Friday, however, will give us a better indication of where TW is at. This I do know: He won’t have to worry about keeping his glutes activated, because, as he said on Wednesday, he worked his ass off in preparation.
4. Tom Watson turns back the clock:
Tom Watson irks me. Part of it is his handling of the Ryder Cup last fall. Part of it is he’s so hard to against at his advanced age. At 65, Watson has no business firing 71’s as he did on Thursday.
That kind of scoring takes all my attention as a sportswriter/fan. I want to see the best story. And Watson winning a third Green Jacket would turn the golf world upside down.

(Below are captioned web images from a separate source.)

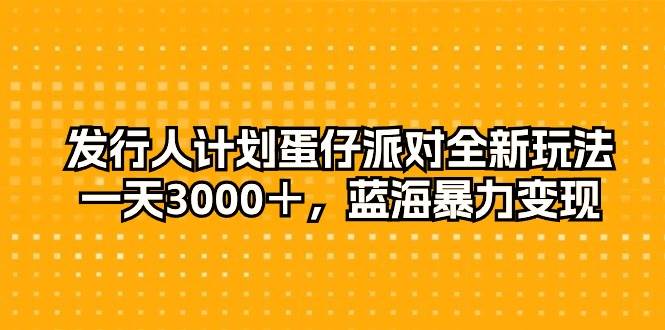 发行人计划蛋仔派对全新玩法，一天3000＋，蓝海暴力变现-飞秋社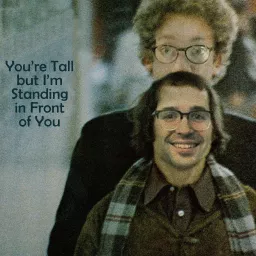 You’re Tall but I’m Standing in Front of You Podcast artwork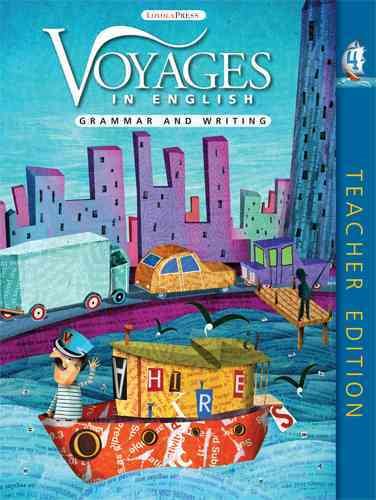 Grade Level 4: Teacher Edition: Grammar and Writing (Volume 4) (Voyages in English 2011)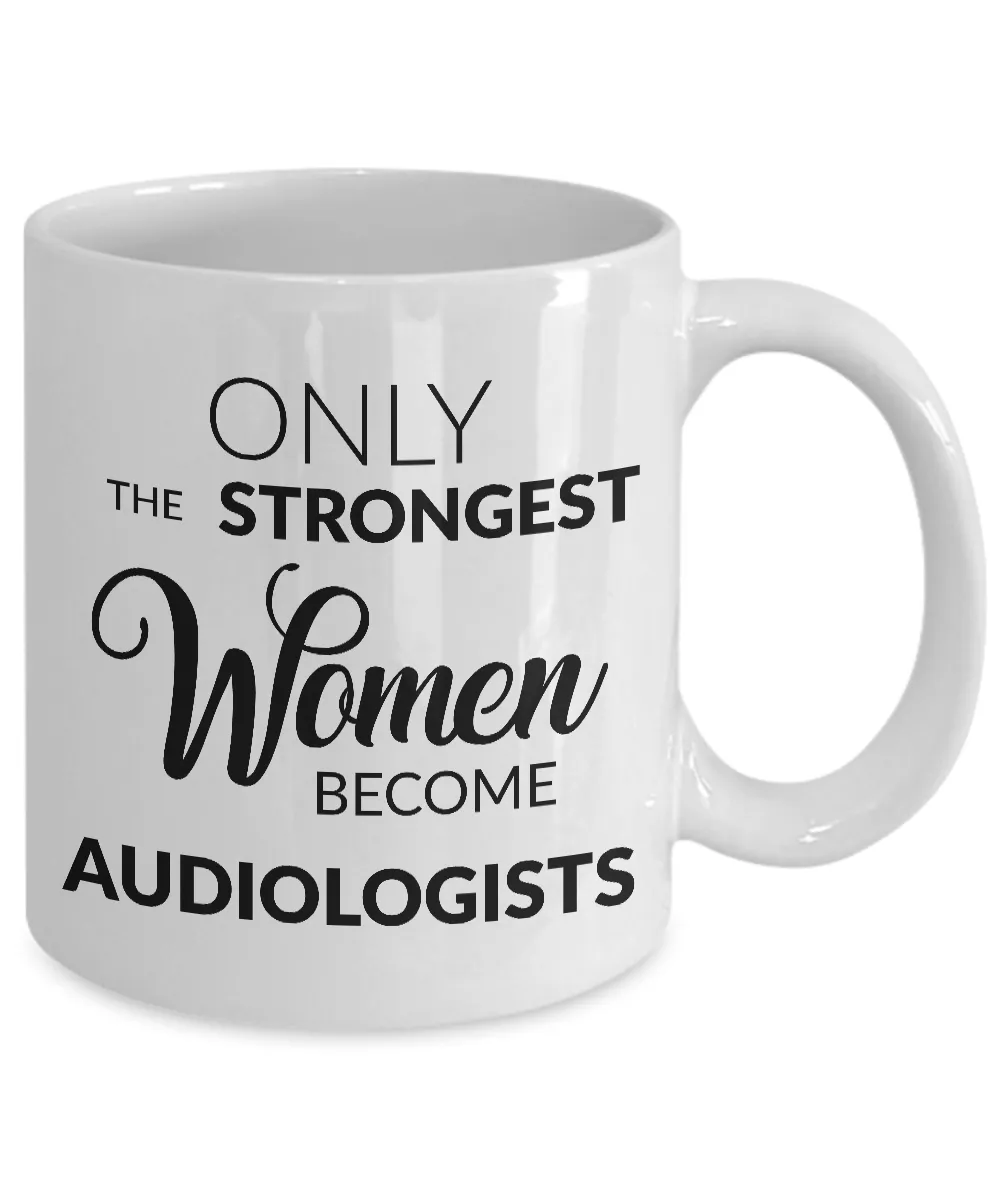 Audiologist Mug Audiologists Gifts - Only the Strongest Women Become Audiologists Coffee Mug Ceramic Tea Cup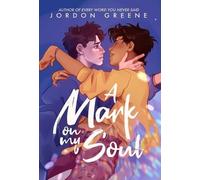 Jordon Greene A Mark on My Soul (Copertina rigida) Noahverse Story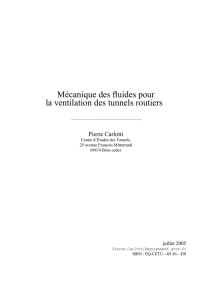 Mécanique des fluides pour la ventilation des tunnels routiers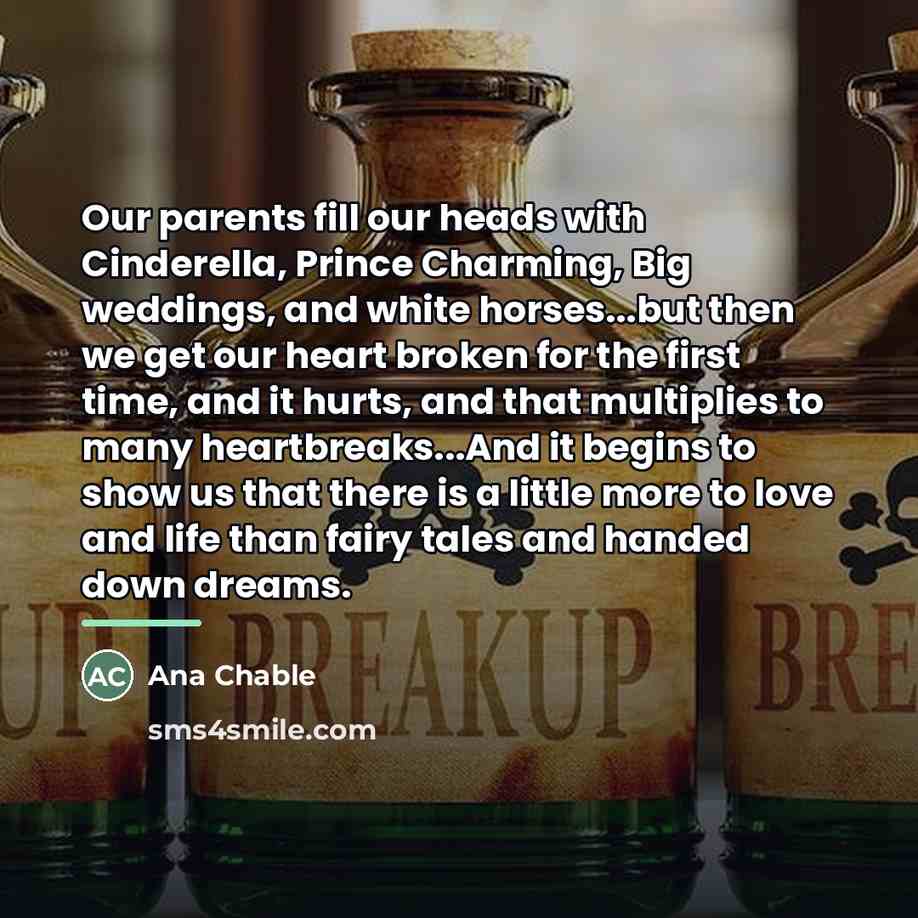 “Our parents fill our heads with Cinderella, Prince Charming, Big…” quote by Ana Chable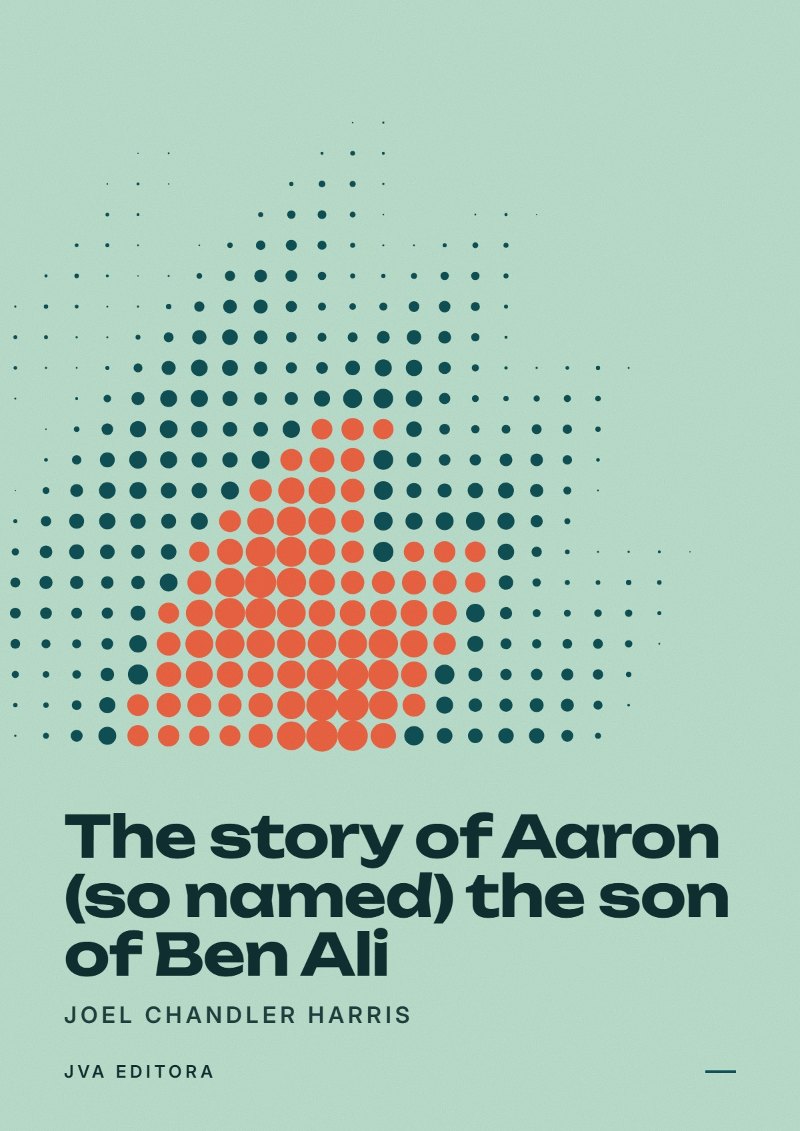 Capa de The story of Aaron (so named) the son of Ben Ali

5. ESPN and CBS are setting the bar high:
I love the symbolism of Masters coverage. ESPN and CBS share personalities to provide the best broadcast possible. Two normal rivals come together, just as Augusta National brings us all together (well, modern Augusta National). And both networks do a terrific job.
Mike Tirico is one of the most well-rounded sportscasters in the business. Jim Nantz has become the voice of The Masters. And when Scott Van Pelt and David Feherty work as colleagues, we’re all in. The viewing experience is so good that I’m looking anxiously to the next major. Joe Buck will call the US Open with Greg Norman. I was okay with that before. Now, I’m not so sure.
It has nothing to do with them. It’s just that the bar has been set quite high.